University of Minnesota, Humphrey School Launch Collaboration with Human Rights Watch
December 15, 2014—Minneapolis, MN—The Humphrey School of Public Affairs today announced an exciting initiative with Human Rights Watch (HRW), which will provide University of Minnesota graduate students the opportunity to work directly with the prestigious human rights organization. The 11 graduate students—carefully selected from around the University for their academic and professional background in international affairs, development, and human rights—will conduct their work during the spring 2015 semester, helping HRW evaluate its research methods.
HRW has asked the University of Minnesota students to inventory the various ways in which the global organization goes about collecting its data, evaluate the various research methods, and then offer suggestions for improvement based on best practices of other organizations. The students’ work will take place within the structure of a “Capstone” project, typically conducted by Humphrey School students during the last semester of their graduate training, in collaboration with a public service agency; nonprofit organization; or local, state, or federal government agency. They will work with Humphrey School faculty member and Harold E. Stassen Chair James Ron and Mary Curtin, Humphrey School diplomat-in-residence. Both have extensive experience in international affairs and human rights work.

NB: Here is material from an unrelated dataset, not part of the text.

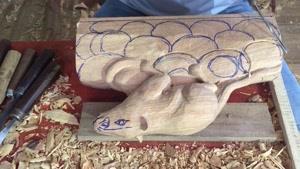 ساخت مجسمه موش با استفاده از چوب طبیعی 
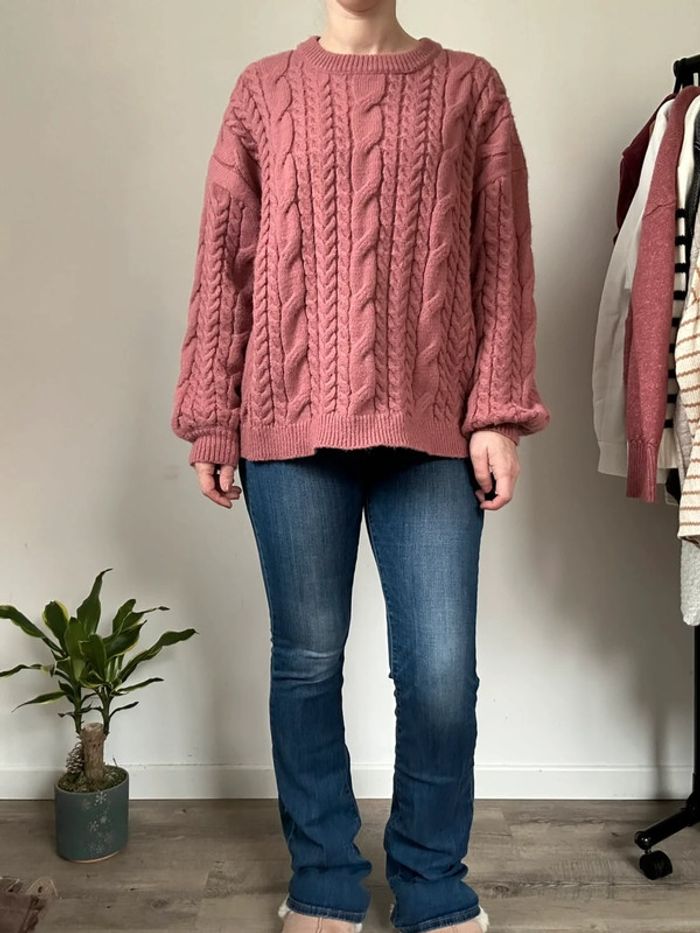Pull torsadé vieux rose New Collection – Doux et cosy, taille unique (36-42), très bon état 💖 - photo numéro 2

Eric Schwartz, dean of the Humphrey School, says, “Human Rights Watch is regarded by many as the most influential human rights advocacy organization in the world and we are delighted to begin this collaboration. Our students crave real world experience and the opportunity to work alongside practitioners—this project provides them the opportunity to do both, preparing them for careers in the international politics and human rights.”

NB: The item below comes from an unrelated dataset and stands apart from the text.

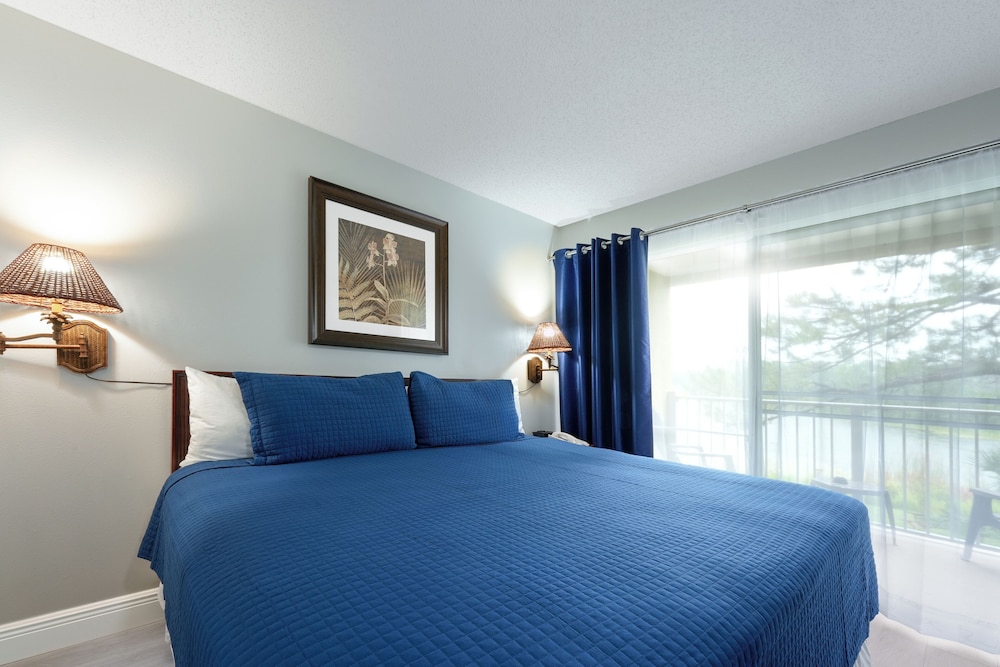 Parc Corniche Condominium Suites 8/62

The students will first identify the different ways in which HRW collects its data, including confidential interviews with witnesses, officials, security force personnel, key informants, and sundry vulnerable populations, as well as satellite images, quantitative data, and more. Then, students will interview members of HRW’s global research team, exploring the pros and cons of each method. In a final stage, the students will draw on best practices from other organizations, and on the scholarly literature, to evaluate HRW’s practices, and suggest new areas for investigation. The program will officially begin with a workshop at the Humphrey School on December 16, led by Iaine Levine, HRW’s deputy executive director for programs, and by Brian Root, HRW’s key research methodology expert.

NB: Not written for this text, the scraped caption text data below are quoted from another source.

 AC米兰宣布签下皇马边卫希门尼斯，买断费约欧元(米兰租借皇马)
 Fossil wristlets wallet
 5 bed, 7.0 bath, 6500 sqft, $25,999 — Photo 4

With more than 400 staff and an annual budget of $75 million, HRW has headquarters in New York, Washington, D.C., and London, and operates research, advocacy, and fundraising offices worldwide. Associate Professor Jim Ron has consulted for HRW since 1992, conducting research for the group in Israel/Palestine, Nigeria, Turkey, Kosovo, Ingushetia, and Kyrgyzstan. Much of his research focuses on the work, and policy impact, of human rights groups. Mary Curtin is a former career U.S. diplomat, with substantial experience in public policy, international affairs, and human rights analysis.